As an example, consider the Klein-Gordon equation: $$(\partial_t^2 - \Delta + m^2)\psi = 0. \tag{1}$$ In physics one usually starts with an ansantz of plane wave solutions so begin by writing $\psi$ as an inverse Fourier transform: $$\psi(x,t) = \int \frac{1}{(2\pi)^3} e^{ip\cdot x} \hat{\psi}(p,t) dp. \tag{2}$$ After substituting (2) into (1) one gets $$(\partial_t^2 + \omega_p^2) \hat{\psi} = 0$$ where $\omega_p^2 = p^2 + m^2$. Solving the above with the assumption that $\psi$ must real one gets $$\psi = \frac{1}{(2\pi)^{3/2}} \int A(p)e^{-i(\omega_pt + p\cdot x)} + A^*(-p)e^{i(\omega_p t + p \cdot x)} dp \tag{3}$$ where $A(p)$ is a function and $A^*$ its complex conjugate.
Now in quantum field theory one does what's known as second quantization where the function $A$ above is replaced by an operator, $A \rightarrow \hat{A}$. Thus (3) is now an operator valued: $$\psi = \frac{1}{(2\pi)^{3/2}} \int \hat{A}(p)e^{-i(\omega_pt + p\cdot x)} + \hat{A}^*(-p)e^{i(\omega_p t + p \cdot x)} dp \tag{4}$$ where $\hat{A}^*$ is now the adjoint of $\hat{A}$.

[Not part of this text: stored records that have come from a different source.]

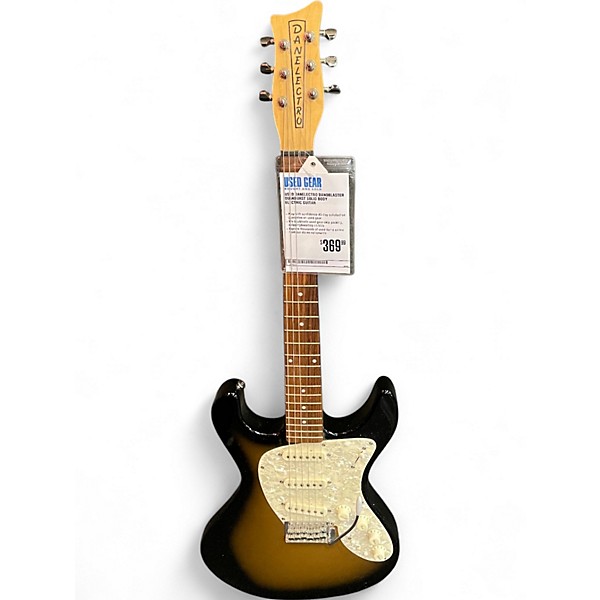 Used Danelectro Danoblaster Duskburst Solid Body Electric Guitar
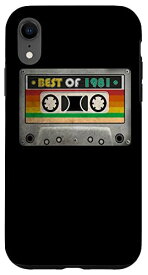 iPhone XR Best Of 1981 40歳の誕生日パーティーヴィンテージカセットテープ スマホケース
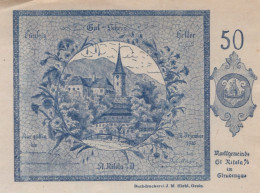 Delcampe - 50 HELLER 1920 Stadt SANKT NIKOLA AN DER DONAU Oberösterreich Österreich #PE754 - Emissions Locales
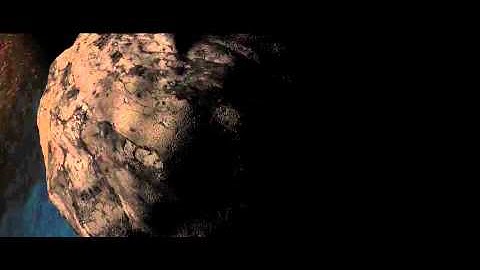 Asteroid in space-made with AfterEffects Element 3d plugin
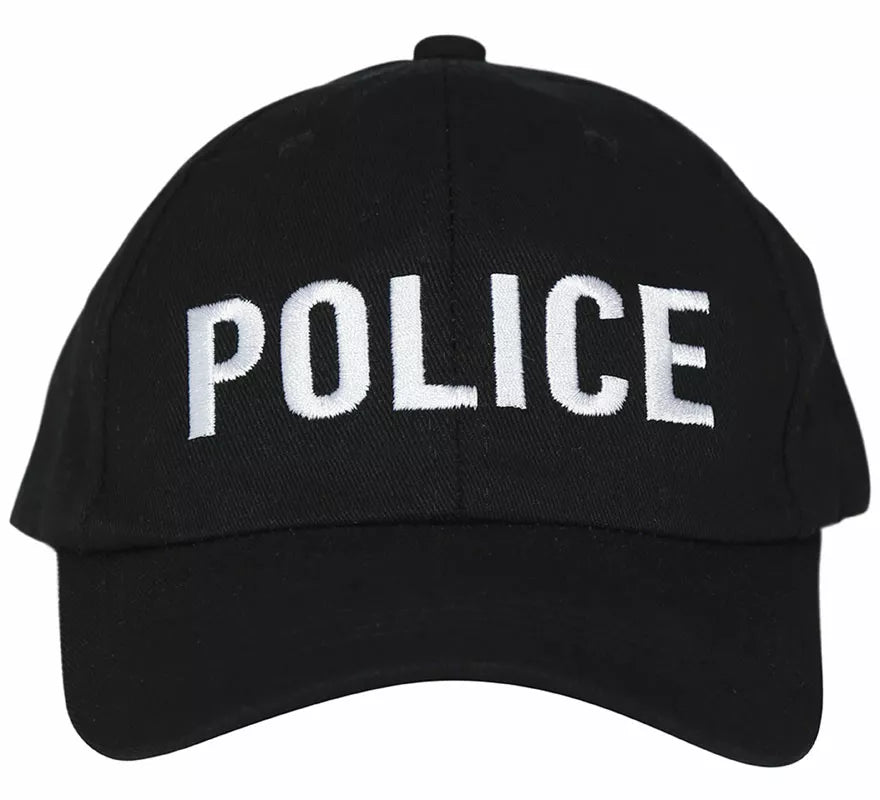 Translation missing: pt-PT.Gorra de Police negra adulto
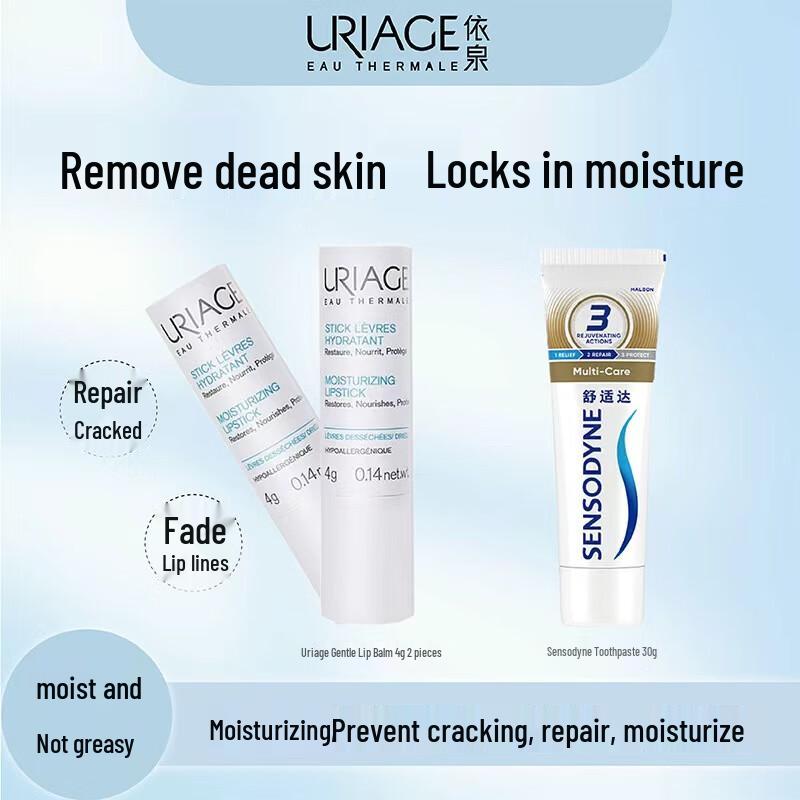 

Sensodyne Multi-Action Toothpaste & Lip Balm Travel Set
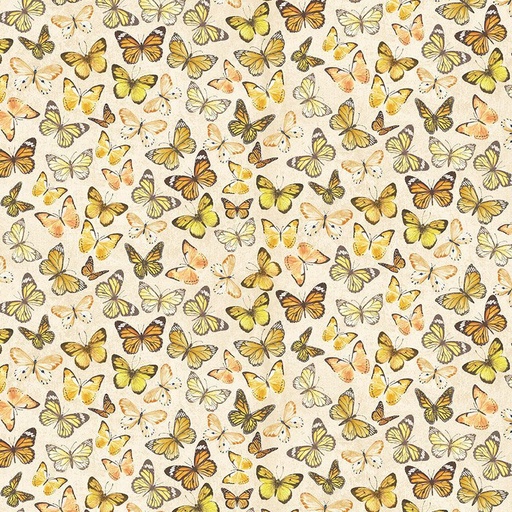 [BUG-CD3367 CREAM] Sunflower Farm Tossed Butterflies Cream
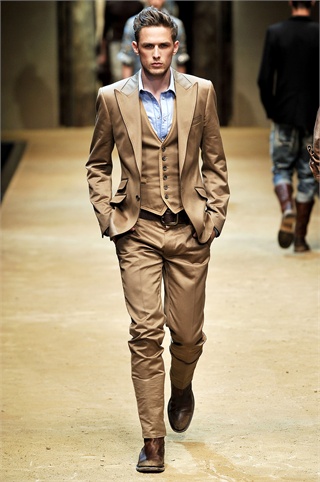 Latest Mens Fashion For All: D&G 2010 Men’s Fashion Week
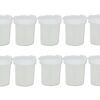 Sargent Art 22-1610 No-Spill Paint Cups with Flip Open Lids, Set of 10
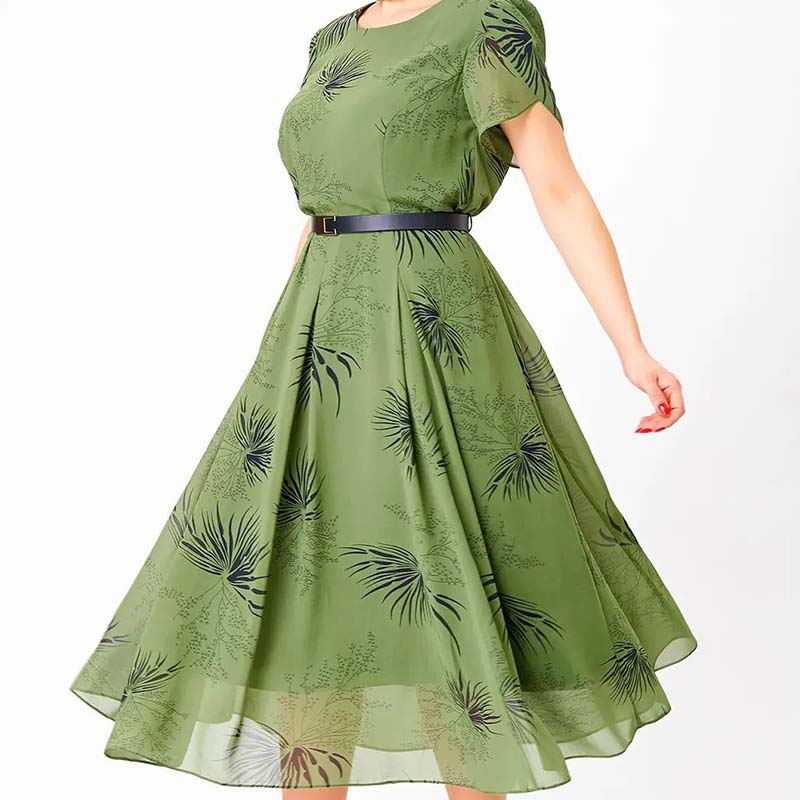 【S-4XL】👗Vintage sifon ruha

Expressions like (4) are very common in physics and I am trying to make mathematical sense of them. I am aware that for this all to technically work out $\psi$ actually has to be an operator-valued distribution. But putting that issue aside for now, is there any proper mathematical meaning to (4)? I am only aware of operators being involved with integrals when we use the functional calculus where we have something of the form $$f(A) = \int_{\sigma(A)} f dP$$ where $dP$ is some projection-valued measure and $f$ some nice function. But in (4) we are integrating over all of $\mathbb{R}^n$ with what seems to be the ordinary Lebesgue measure so how can one make sense of it?